Removing and replacing tiles was only part of the restoration challenge. Glassman also had to stop what was causing the tiles to pop free—water seeping into the roof and rusting the steel reinforcing beams at the ceiling’s edge. That meant repointing granite blocks around the top of the portico and replacing copper scuppers to direct rainwater away from the roof.

Persuading the state to allocate $490,000 to make these structural and cosmetic improvements wasn’t easy, but Provencher says the real challenge was marshaling the interested parties—state agencies, local selectmen, the visitors bureau, and the public. All agreed that restoration work was imperative—they were just nervous about its effect on tourism: More than a million people visit Plymouth Rock each year, with dozens of tour buses lining up in the weeks leading to Thanksgiving. Would ongoing construction keep them away? In the end, after much outreach on the part of Provencher’s office, everyone got on board. "It snowballed in a good way," he says.

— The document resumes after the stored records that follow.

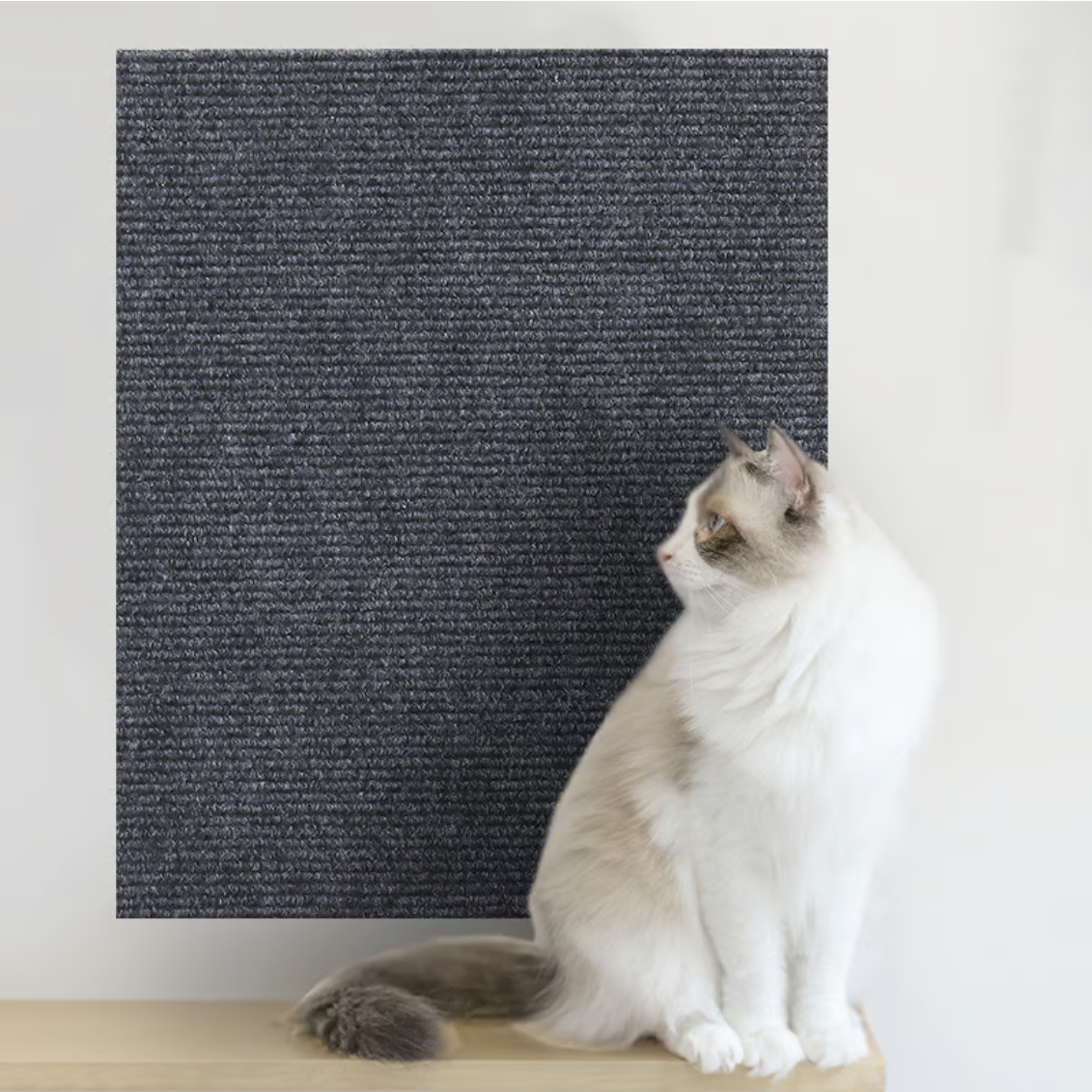 Cat Scratching Mat Self-Adhesive Trimmable Cat Carpet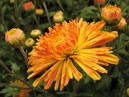 Garden chrysanthemum Okhristy Luch (Ocker Ray). 
Size: 700x535. 
File size: 373,34 KB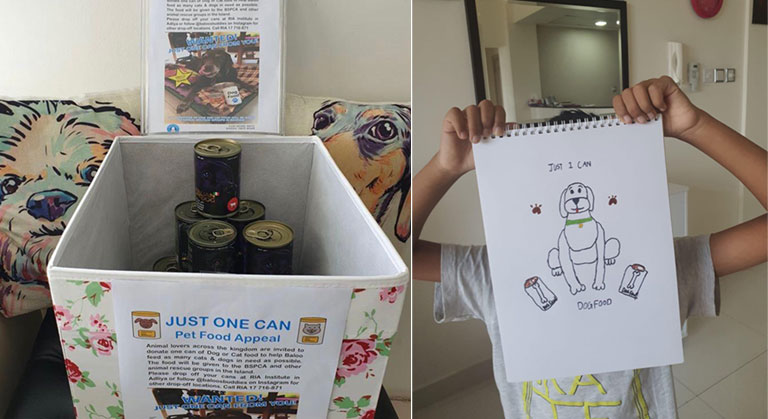 Pet Food for Bahrains Animal Rescue Groups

Despite its popularity, or maybe because of it, Plymouth Rock is, for some, anticlimactic. "People come here expecting to see the Rock of Gibraltar," Provencher says. "They walk up to the railing and say, ‘Where is it?’ " Now that the protective netting is gone and the portico’s pomp and granite-columned glory has been fully restored, he hopes that visitors will be awed by Guastavino’s crisp, herringbone-pattered vault. "For 90 years you’ve had people coming here and looking down," he says. "We want them to start looking up."